Diffamazione e giornalismo: un bavaglio alla libertà di stampa?

L’inasprimento del carcere per diffamazione limita la libertà di espressione. Con enormi rischi per l’indipendenza e la qualità dell’informazione.

Lo scorso aprile si avvertì chiaramente un “tintinnio di manette” trasformato in un suono sordido che si diffuse nel panorama editoriale e tra l’opinione pubblica. Cosa era successo di così clamoroso per paventare pericoli alla libertà d’informazione? In pratica venne inasprito il carcere ai giornalisti per il reato di diffamazione, col carcere fino a 3 anni e una multa di 120 mila euro per “condotte reiterate e coordinate” di diffusione di notizie false per mezzo della stampa.
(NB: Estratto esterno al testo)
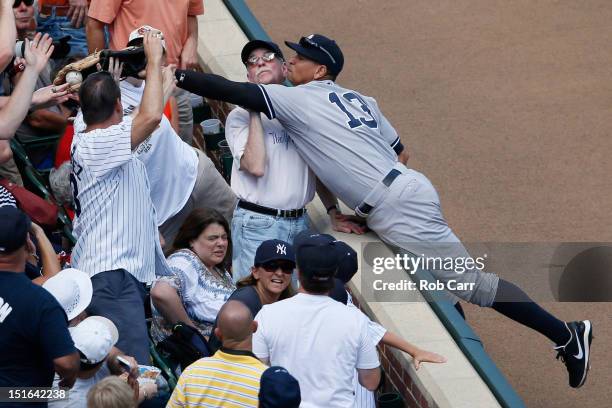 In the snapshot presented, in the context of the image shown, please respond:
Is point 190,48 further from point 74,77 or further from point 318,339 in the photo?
point 318,339

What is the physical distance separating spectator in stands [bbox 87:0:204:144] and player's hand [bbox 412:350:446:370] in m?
2.49

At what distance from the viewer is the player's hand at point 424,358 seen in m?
7.30

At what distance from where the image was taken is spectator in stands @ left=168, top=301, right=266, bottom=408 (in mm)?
5746

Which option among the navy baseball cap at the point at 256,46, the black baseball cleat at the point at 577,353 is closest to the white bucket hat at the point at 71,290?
the navy baseball cap at the point at 256,46

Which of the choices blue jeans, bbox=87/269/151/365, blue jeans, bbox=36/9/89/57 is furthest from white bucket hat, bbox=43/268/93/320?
blue jeans, bbox=36/9/89/57

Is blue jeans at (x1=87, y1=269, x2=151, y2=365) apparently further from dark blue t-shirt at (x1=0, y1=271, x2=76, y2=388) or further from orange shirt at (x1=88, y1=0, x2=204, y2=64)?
orange shirt at (x1=88, y1=0, x2=204, y2=64)

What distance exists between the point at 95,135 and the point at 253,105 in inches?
49.1

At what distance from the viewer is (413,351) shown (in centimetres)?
723

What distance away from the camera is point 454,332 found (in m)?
7.93

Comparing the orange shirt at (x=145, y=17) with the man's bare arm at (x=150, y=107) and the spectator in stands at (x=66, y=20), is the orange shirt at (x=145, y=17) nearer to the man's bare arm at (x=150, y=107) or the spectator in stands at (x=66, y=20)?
the spectator in stands at (x=66, y=20)

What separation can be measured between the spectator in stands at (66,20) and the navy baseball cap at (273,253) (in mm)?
2803

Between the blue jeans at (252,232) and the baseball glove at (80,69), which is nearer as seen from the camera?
the baseball glove at (80,69)

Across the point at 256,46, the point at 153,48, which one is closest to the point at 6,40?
the point at 153,48

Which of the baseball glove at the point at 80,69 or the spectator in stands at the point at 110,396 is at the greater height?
the baseball glove at the point at 80,69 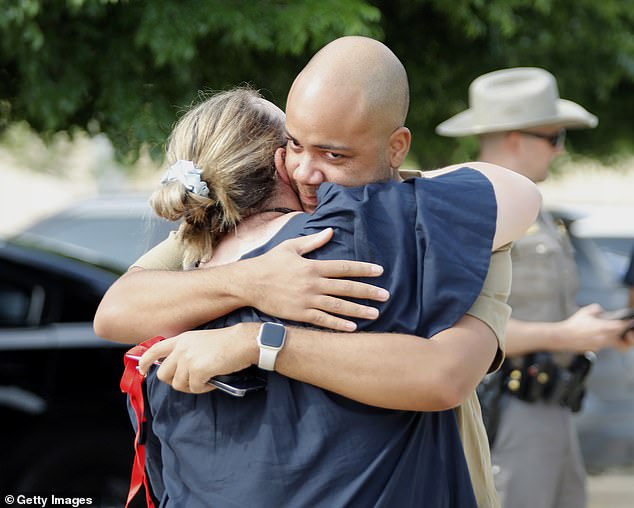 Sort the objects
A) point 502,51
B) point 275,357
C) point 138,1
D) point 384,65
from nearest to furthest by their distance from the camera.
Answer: point 275,357
point 384,65
point 138,1
point 502,51

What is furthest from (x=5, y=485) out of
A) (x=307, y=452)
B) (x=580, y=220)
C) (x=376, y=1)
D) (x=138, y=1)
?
(x=580, y=220)

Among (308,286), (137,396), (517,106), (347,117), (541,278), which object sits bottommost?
(541,278)

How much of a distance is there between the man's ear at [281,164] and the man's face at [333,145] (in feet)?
0.13

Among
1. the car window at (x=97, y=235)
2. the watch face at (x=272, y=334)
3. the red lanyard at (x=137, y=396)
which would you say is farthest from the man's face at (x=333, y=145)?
the car window at (x=97, y=235)

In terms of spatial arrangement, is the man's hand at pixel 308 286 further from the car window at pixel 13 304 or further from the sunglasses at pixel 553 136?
the car window at pixel 13 304

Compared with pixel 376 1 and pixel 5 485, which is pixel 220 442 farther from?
pixel 376 1

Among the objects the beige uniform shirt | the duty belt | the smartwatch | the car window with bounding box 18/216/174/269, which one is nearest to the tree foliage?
the beige uniform shirt

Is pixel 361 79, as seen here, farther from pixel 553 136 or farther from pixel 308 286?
pixel 553 136

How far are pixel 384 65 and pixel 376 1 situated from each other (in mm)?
3133

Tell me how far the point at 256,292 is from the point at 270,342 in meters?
0.11

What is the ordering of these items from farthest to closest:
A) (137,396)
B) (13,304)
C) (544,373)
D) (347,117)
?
1. (13,304)
2. (544,373)
3. (137,396)
4. (347,117)

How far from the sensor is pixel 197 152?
2031mm

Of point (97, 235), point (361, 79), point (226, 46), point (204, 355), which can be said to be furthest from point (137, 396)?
point (97, 235)

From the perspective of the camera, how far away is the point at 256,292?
1.88 metres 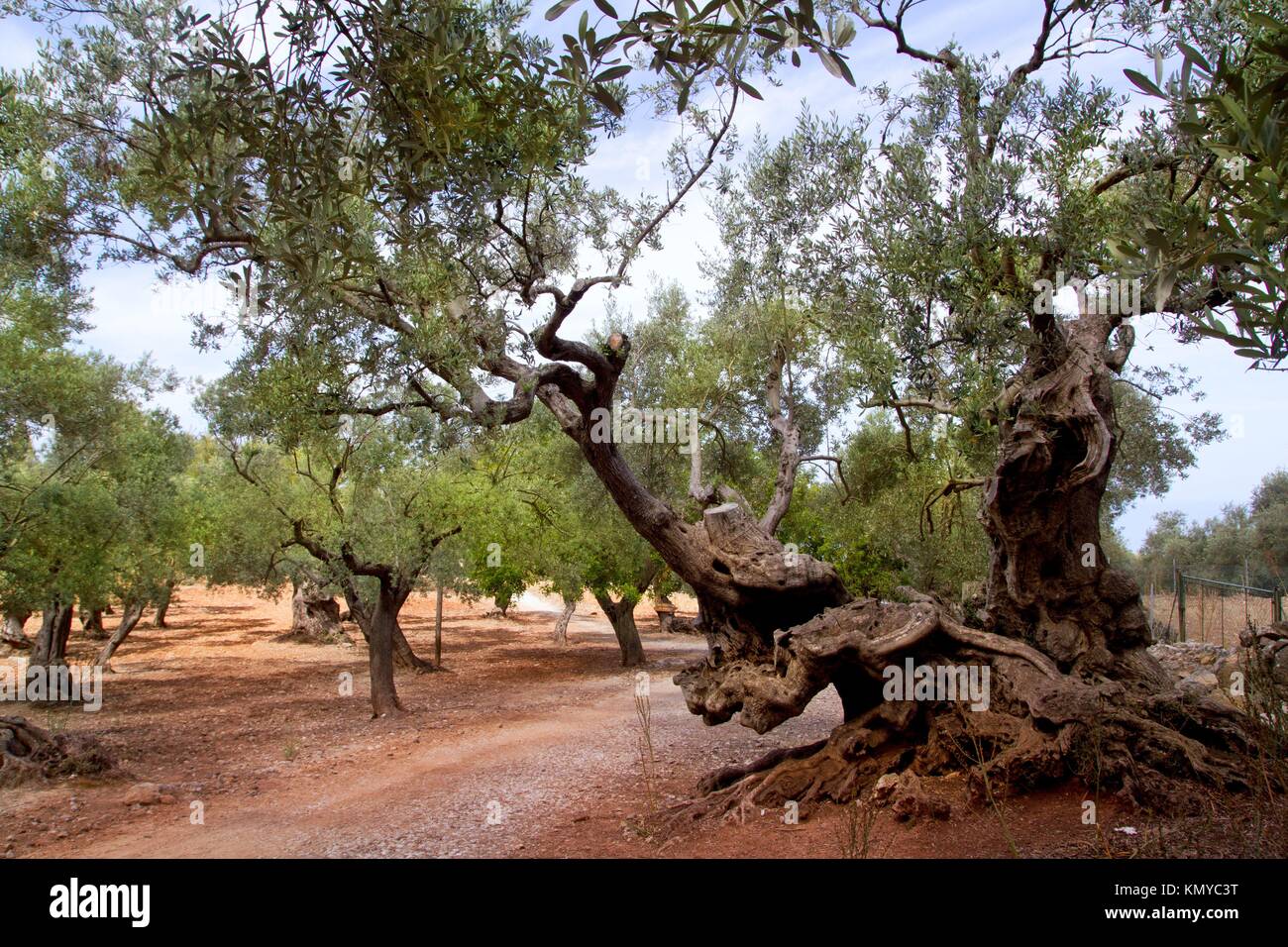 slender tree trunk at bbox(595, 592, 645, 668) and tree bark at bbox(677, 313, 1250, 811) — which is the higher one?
tree bark at bbox(677, 313, 1250, 811)

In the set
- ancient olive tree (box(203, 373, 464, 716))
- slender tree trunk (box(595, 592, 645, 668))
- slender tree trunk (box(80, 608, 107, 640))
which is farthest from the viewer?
slender tree trunk (box(80, 608, 107, 640))

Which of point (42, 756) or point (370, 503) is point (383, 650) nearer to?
point (370, 503)

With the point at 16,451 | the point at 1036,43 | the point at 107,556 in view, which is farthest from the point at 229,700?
the point at 1036,43

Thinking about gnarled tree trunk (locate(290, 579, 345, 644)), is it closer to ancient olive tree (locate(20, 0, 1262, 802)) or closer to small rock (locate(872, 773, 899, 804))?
ancient olive tree (locate(20, 0, 1262, 802))

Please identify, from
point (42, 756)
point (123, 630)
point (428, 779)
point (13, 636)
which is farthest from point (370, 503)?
point (13, 636)

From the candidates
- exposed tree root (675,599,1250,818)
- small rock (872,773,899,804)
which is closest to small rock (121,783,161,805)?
exposed tree root (675,599,1250,818)

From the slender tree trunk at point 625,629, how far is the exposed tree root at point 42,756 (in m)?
12.9

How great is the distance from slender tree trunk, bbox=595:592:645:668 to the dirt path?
55cm

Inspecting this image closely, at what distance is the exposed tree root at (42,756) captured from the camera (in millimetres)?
9430

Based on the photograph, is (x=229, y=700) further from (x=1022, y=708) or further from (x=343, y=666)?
(x=1022, y=708)

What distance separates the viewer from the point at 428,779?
10164 mm

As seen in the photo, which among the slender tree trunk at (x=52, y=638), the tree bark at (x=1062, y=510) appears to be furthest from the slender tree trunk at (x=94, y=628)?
the tree bark at (x=1062, y=510)

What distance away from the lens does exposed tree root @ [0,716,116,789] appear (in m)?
9.43

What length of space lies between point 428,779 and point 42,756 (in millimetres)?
4558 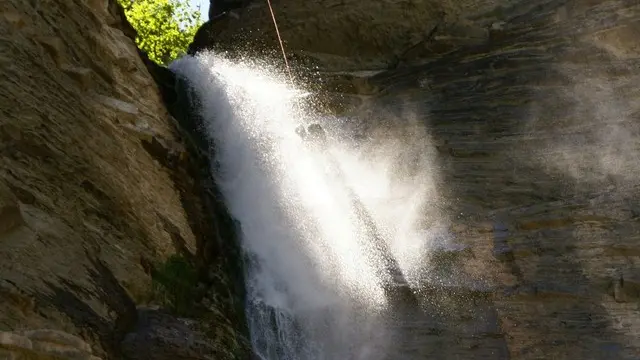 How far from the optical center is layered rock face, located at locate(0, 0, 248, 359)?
6.69m

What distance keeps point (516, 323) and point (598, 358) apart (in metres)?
1.17

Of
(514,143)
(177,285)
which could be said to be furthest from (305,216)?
(177,285)

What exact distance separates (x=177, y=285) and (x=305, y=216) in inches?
178

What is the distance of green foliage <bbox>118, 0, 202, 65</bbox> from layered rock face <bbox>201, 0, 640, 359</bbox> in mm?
11327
Il legislatore ha previsto, bontà sua, la pena accessoria dell’interdizione dalla professione di giornalista per un periodo da 3 mesi a 3 anni.  Il nobile intento del legislatore era di “tutelare l’opinione pubblica da notizie false”, perché la diffamazione a mezzo stampa mette in moto la cosiddetta “macchina del fango”. Questa locuzione, diffusasi nel linguaggio giornalistico e politico per la sua forza evocatrice, indica l’azione coordinata di un gruppo di pressione, attraverso i mass media, per delegittimare o ledere l’onore e la credibilità di un avversario, gruppo politico o lobby. Ossia ne infama e scredita l’immagine pubblica allo scopo di intimidirla, punirla o condizionarla, incidendo sul giudizio dell’opinione pubblica nei suoi riguardi.

La diffamazione a mezzo stampa assume aspetti pericolosi per la sua enorme capillarità.

Ma se le intenzioni possono essere valide, è noto che, come recita il Vangelo, di “buone intenzioni è lastricata la strada dell’inferno”. Ora il codice penale all’art. 595 definisce il reato di diffamazione come “disposizione per la tutela dell’onore e della reputazione delle persone”. Significa offendere l’altrui reputazione comunicando con più persone, senza la presenza dell’offeso. Inoltre, va considerato che ogni illecito penale, allo stesso tempo, è anche un illecito civile, e pertanto è fonte di obblighi risarcitori, spesso anche rilevanti. La diffamazione a mezzo stampa assume aspetti pericolosi per la sua enorme capillarità. Intorno a un tema così scottante si è sviluppato un… acceso dibattito. La Federazione Nazionale Stampa Italiana (FNSI) ha diramato una nota secondo cui gli emendamenti presentati sono in netto contrasto con le sentenze della Corte Costituzionale, considerando il provvedimento incivile. Inoltre, mostra il timore del governo verso la libertà di stampa.

In Italia la libertà di stampa non se la passa benissimo, con molti giornali-fotocopia.

La diffamazione è un’arma per neutralizzare molte inchieste giornalistiche, un ulteriore oltraggio all’art. 21 della Costituzione, che per chi se ne fosse dimenticato recita: “Tutti hanno diritto di manifestare liberamente il proprio pensiero con la parola, lo scritto e ogni altro mezzo di diffusione. La stampa non può essere soggetta ad autorizzazioni o censure”. Malgrado le istituzioni europee e la Corte Europea per i diritti dell’uomo abbiano più volte invitato le autorità italiane a eliminare dal codice penale il carcere per il reato di diffamazione a mezzo stampa, i nostri governanti sono sordi ad ogni richiamo e fanno orecchie da mercante. Non è che la destra, raggiunto il potere, si sta facendo prendere la mano, restando vittima di ataviche pulsioni autoritarie?

Sono segnali comunque pericolosi in una nazione come l’Italia in cui l’informazione non è che se la passi bene per la presenza di molti giornali fotocopia, frutto delle concentrazioni editoriali e con testate indipendenti che si contano sulle dita di una mano, con una tv nazionale lottizzata da quando è sorta. L’ultimo rapporto sullo stato dell’informazione a cura di Meta, un’agenzia di monitoraggio dei media, ha evidenziato “un aumento della pressione esercitata nel nostro Paese da soggetti pubblici sull’informazione”.  Un Paese, quindi, in libertà… vigilata!